Zombse

The Zombie Stack Exchanges That Just Won't Die

View the Project on GitHub anjackson/zombse

What is the smallest average percentage of errors that you can achieve with today's OCRs (after book scanning) processes and software?

I have heard that an error rate of 5-10% in OCR is still a good average. Any experiences or facts regarding this?

I am writing "average" as of course the quality of the source makes a big difference.

I am assuming a book scanning process by using a robotic book scanner.

ChrisZZ

Comments

Answer by gmcgath

Talking about the error rate requires narrowing down the terms and variables. As a character error rate, 5 to 10% sounds horribly high, so I'll assume we're talking about word error rate. The typeface and contrast have a significant effect; for the best case, let's say we're talking about common, readable fonts such as Times and Helvetica in black print on white paper. One study says that word errors with bitonal images can get word error rates below 1% (though the software which achieves that rate is hopeless at color text).

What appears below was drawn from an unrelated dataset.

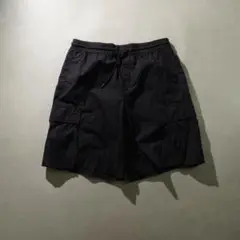 ARMANI EXCHANGE カーゴハーフパンツ ダークネイビー/BZ65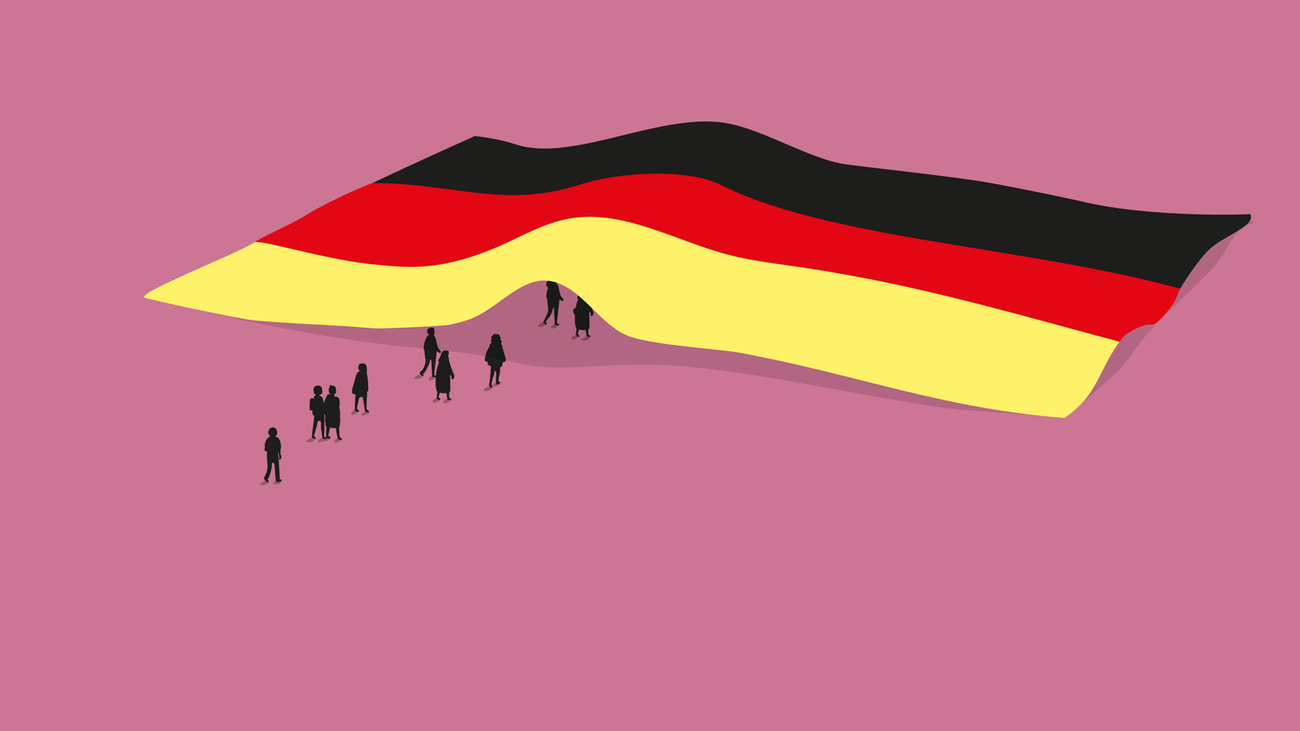 Sozialmigration: Wie viele Menschen tatsächlich in das deutsche Sozialsystem einwandern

A study of Google Books reports a page error rate of less than 1%.

Comments

Answer by cneud

Certain fonts can in principle be recognized with next to 100% accuracy, though even this depends heavily on the source and capture.

In real life, the Bavarian State Library did a project with 20th-century monographs (good print quality, simple layout, common characteristics, modern spelling) and the outcome was > 98% percent word accuracy, which enables numerous retrieval scenarios as can be seen in the search interface (German only). This was obtained with images in greyscale made by a scanrobot and with commercial OCR software - results can be much worse with free OCR software, but this depends highly on factors such as language support and level of post-processing etc. The more tailoring and post-processing involved, the better the result.

Most importantly, as already pointed out, for use in retrieval, (non-stopword) word accuracy is what you should mainly be interested in, and which is naturally lower than character accuracy - and not even all OCR software provides this metric.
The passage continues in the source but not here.